The House of Lords had less claim to be treated respectfully in these matters. Melbourne made this clear in a speech. “Very few of your Lordships,” he said bluntly, “have the means of forming any sound opinion on such extremely difficult and abstruse points as these . . . I know very little of the subject and yet I believe I know more than those who have opposed the Doctor’s nomination.”

Melbourne’s dealings with ecclesiastical affairs were not confined to the question of patronage. The spirit of reform was out to make itself felt in every established institution. A great many of these institutions were connected in some way or other with the National Church. Accordingly, during the period of Melbourne’s Government, progressive reformers were always coming forward with schemes that affected it; schemes for reforming tithe and church-rate and the constitution of cathedral churches; for legalizing civil marriage and abolishing religious tests at universities. In order to please his colleagues, Melbourne reluctantly agreed to support some of these projects. But he disliked them all. He was a liberal only in matters of thought: so far as practical Church reforms were concerned, he was as conservative as Dr. Pusey himself. He was against schemes for equalizing clerical incomes; “I am all for inequality and rich clergy,” he remarked gaily to a committee of the House of Lords. And how could anyone be so sure of anything, he would wonder, as to have conscientious scruples against being married in church, as their fathers and grandfathers had been before them? The same conservatism appeared in his dealings with the Church of Scotland. In 1835, it was proposed that the Government grant to the Scottish Church should be increased. Scottish divines were divided as to whether this would be a good thing. Some held that the cause of religion required financial support: others, that to accept State aid of any kind, was sinful and erastian. After listening to their arguments, Melbourne made, his comment in a letter to the celebrated Dr. Chalmers. “The one party looks to nothing less than a general change in the state of human nature and human society by means of increased pastoral exertion; and the other is dreaming upon the pure and prosperous state of the Christian Church in the first centuries, and the evil and degradation which it has incurred ever since the unfortunate conversion of the Emperor Constantine. You will excuse the plainness of my phrase, but to persons so influenced by heat and enthusiasm, to use no stronger terms, it is vain to expect that any arrangement can be satisfactory.” He was opposed, he concluded, to any alteration in the financial arrangements of the Church of Scotland.

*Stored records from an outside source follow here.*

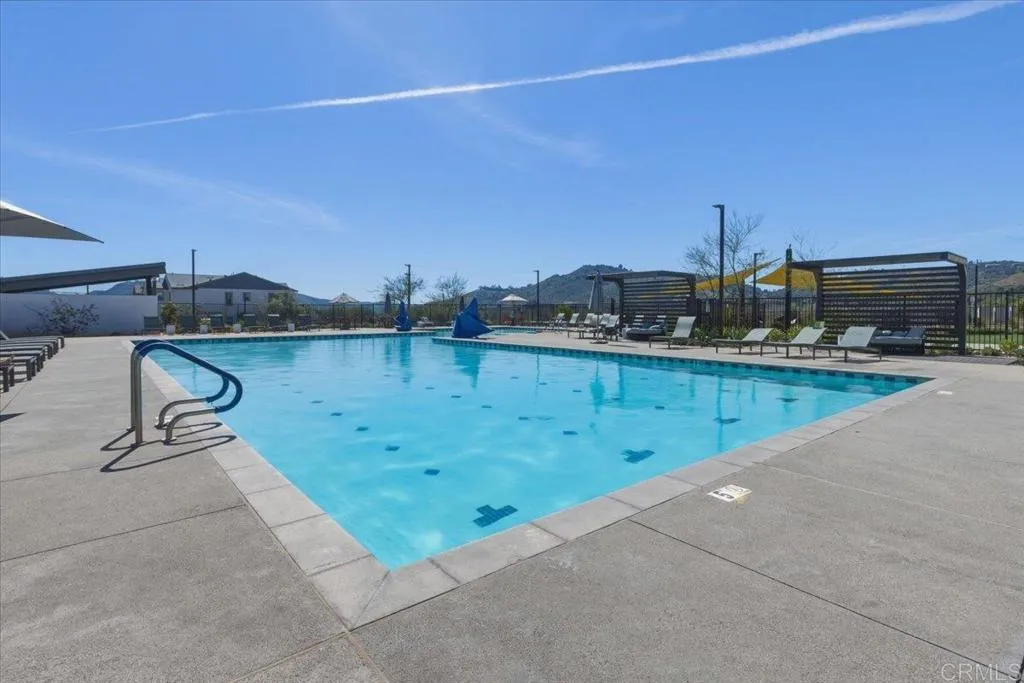 35180 Grove Trail, Fallbrook, CA 92028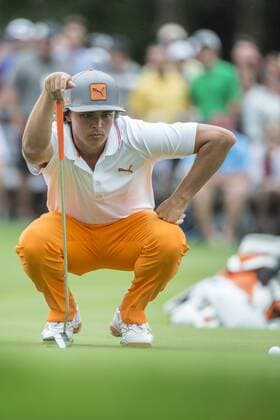March 24, 2013: Rickie Fowler lines up his birdie putt on the 2nd hole the horn sounded right after Fowler putted to suspend play for weather during final round golf action of the Arnold Palmer Invitational presented by Mastercard held at Arnold Palmer s Bay Hill Club & Lodge in Orlando, FL PGA Golf Herren 2013: Arnold Palmer Invitational MAR 24 - ZUMAcg2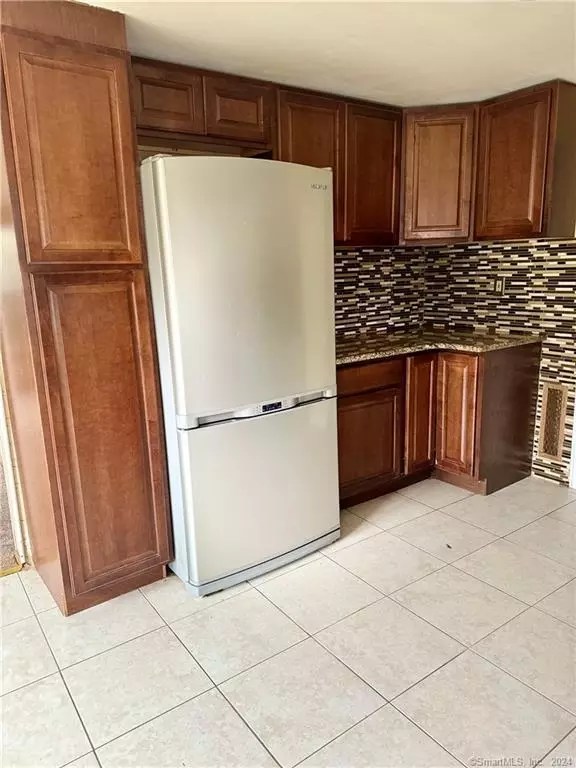 27 Raymond St, Waterbury, CT 06706 11 Photos Movoto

So far as established Churches were concerned, Melbourne’s method did not work badly. Established institutions need, first of all, to be kept running smoothly. Melbourne’s spirit of civilized moderation helped him to do this. It was not so appropriate when he came into contact with independent and extreme religious bodies. One day a deputation of Dissenters came to see him. “Now, sir,” he said after listening to one of them, “you talk like a man of sense. It’s these damned Anabaptists who do all the mischief.” Another member of the deputation felt impelled to testify to his faith. “I am an Anabaptist,” he announced gravely. “The devil you are!” replied Melbourne, laughing and rubbing his hands, “well you’ve all done a great deal of mischief—and I should like to hear whether you are wiser than the rest!”

Towards the Church of Rome his manner was more respectful. No doubt it was superstitious and tyrannical, and Melbourne was extremely glad that England was not under its sway. Moreover, he did not like Roman ritual which struck his gentlemanly and English eye as too theatrical to be consistent with a true spirit of devotion. But the Church of Rome was an ancient and venerable institution that appealed to his historic sense and with which he thought it wise the English Government should be on good terms. Melbourne thought that the Whigs had always underrated the importance of the Church of Rome as a factor influence in public opinion. He regretted that Protestant bigotry made it impossible for him to send an ambassador to the Vatican. As it was, he made efforts to get into good unofficial relations there. These were not very successful as far as practical results were concerned. His tone was not quite right. “The present Pope was very rude to me,” Melbourne complained on one occasion. “I wrote to him asking him to give a Cardinal’s Hat to an Irish bishop who had been of great use to us on the management of the country. But he took no notice of my request.” It would have been odd if he had. The Vicar of Christ should not be addressed as if he was a political colleague to be breezily cajoled into doing a job for a harassed Prime Minister.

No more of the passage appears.